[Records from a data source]
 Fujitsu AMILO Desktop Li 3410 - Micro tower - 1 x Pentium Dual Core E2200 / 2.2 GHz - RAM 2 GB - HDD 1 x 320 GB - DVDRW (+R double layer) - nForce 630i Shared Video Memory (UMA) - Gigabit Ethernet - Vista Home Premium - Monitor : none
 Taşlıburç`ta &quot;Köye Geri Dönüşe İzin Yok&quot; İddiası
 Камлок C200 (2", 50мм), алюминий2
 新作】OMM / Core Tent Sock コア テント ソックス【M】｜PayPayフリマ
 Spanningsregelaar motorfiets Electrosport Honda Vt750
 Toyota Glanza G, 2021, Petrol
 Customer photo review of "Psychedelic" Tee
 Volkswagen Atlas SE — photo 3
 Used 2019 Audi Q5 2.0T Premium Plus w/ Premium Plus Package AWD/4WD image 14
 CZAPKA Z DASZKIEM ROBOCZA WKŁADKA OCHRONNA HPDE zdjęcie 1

**Task statement**
Could you reproduce the lines above, from the one that holds "Spanningsregelaar motorfiets Electrosport" through the last, exactly as they stand?

**Response to the task**
 Spanningsregelaar motorfiets Electrosport Honda Vt750
 Toyota Glanza G, 2021, Petrol
 Customer photo review of "Psychedelic" Tee
 Volkswagen Atlas SE — photo 3
 Used 2019 Audi Q5 2.0T Premium Plus w/ Premium Plus Package AWD/4WD image 14
 CZAPKA Z DASZKIEM ROBOCZA WKŁADKA OCHRONNA HPDE zdjęcie 1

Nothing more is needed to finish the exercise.